[Start of Attachment]

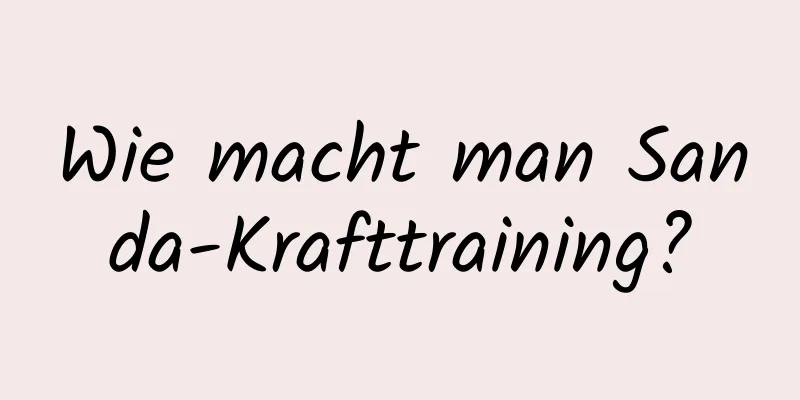 Wie macht man Sanda-Krafttraining?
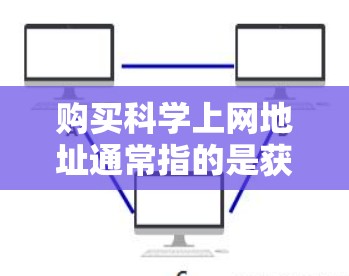 购买科学上网地址通常指的是获取特定科学资源、软件安装或访问特定科学网站的权限。以下是一些常见的情况和解决方案 购买科学上网地址通常指的是获取特定科学资源、软件安装或访问特定科学网站的权限。以下是一些常见的情况和解决方案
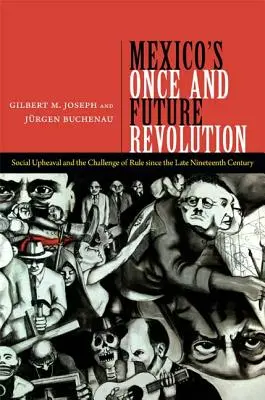 Niegdysiejsza i przyszła rewolucja w Meksyku: Przewrót społeczny i wyzwanie dla rządów od końca XIX wieku - Mexico's Once and Future Revolution: Social Upheaval and the Challenge of Rule Since the Late Nineteenth Century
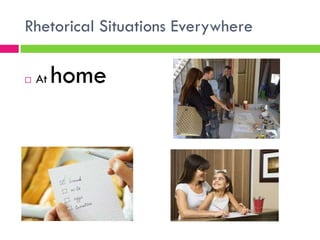 Rhetorical Situations Everywhere

   At   home
 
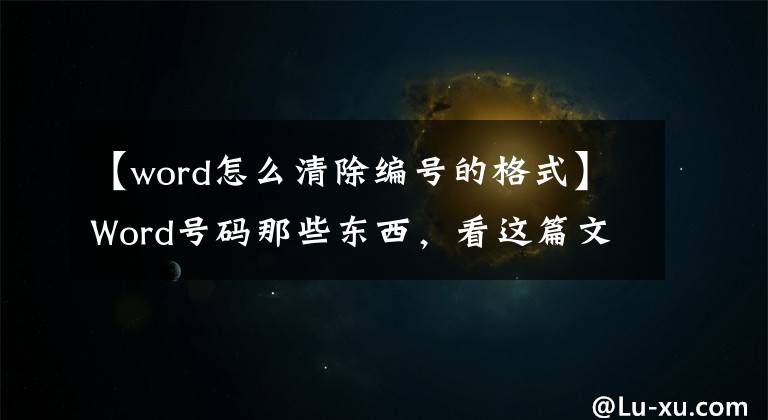【word怎么清除编号的格式】Word号码那些东西，看这篇文章就够了。文章配图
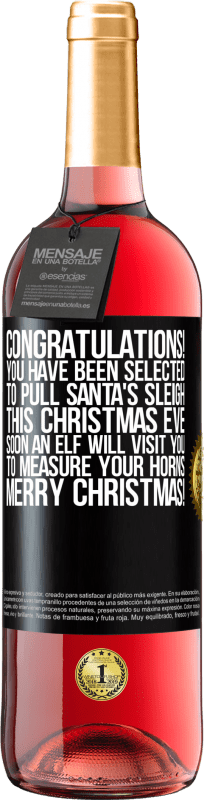 29,95 € Free Shipping | Rosé Wine ROSÉ Edition Congratulations! You have been selected to pull Santa's sleigh this Christmas Eve. Soon an elf will visit you to measure Black Label. Customizable label Young wine Harvest 2022 Tempranillo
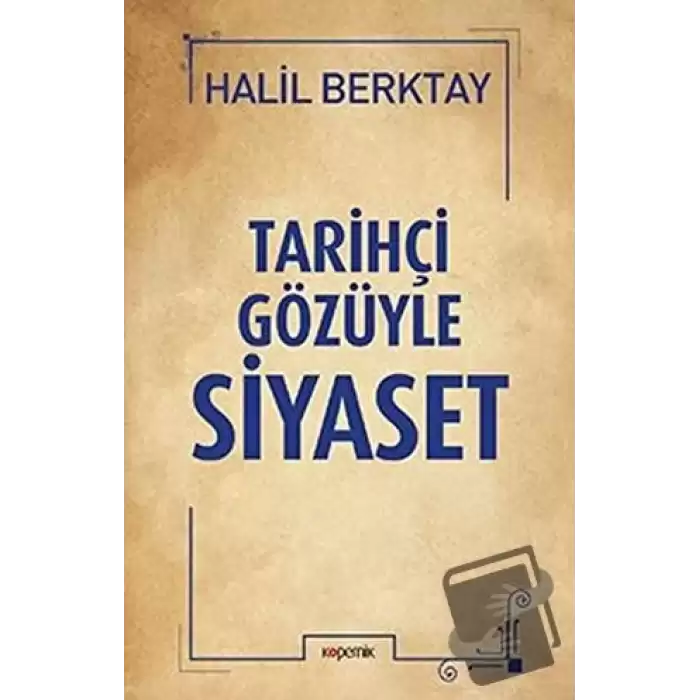 Tarihçi Gözüyle Siyaset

[End of Attachment]

→ **Instructions for the task**: Copy out every line of the data above, taking care to leave the pictures out.

→ **Written reply**:
 Wie macht man Sanda-Krafttraining?
 购买科学上网地址通常指的是获取特定科学资源、软件安装或访问特定科学网站的权限。以下是一些常见的情况和解决方案 购买科学上网地址通常指的是获取特定科学资源、软件安装或访问特定科学网站的权限。以下是一些常见的情况和解决方案
 Niegdysiejsza i przyszła rewolucja w Meksyku: Przewrót społeczny i wyzwanie dla rządów od końca XIX wieku - Mexico's Once and Future Revolution: Social Upheaval and the Challenge of Rule Since the Late Nineteenth Century
 Rhetorical Situations Everywhere

   At   home
 
【word怎么清除编号的格式】Word号码那些东西，看这篇文章就够了。文章配图
 29,95 € Free Shipping | Rosé Wine ROSÉ Edition Congratulations! You have been selected to pull Santa's sleigh this Christmas Eve. Soon an elf will visit you to measure Black Label. Customizable label Young wine Harvest 2022 Tempranillo
 Tarihçi Gözüyle Siyaset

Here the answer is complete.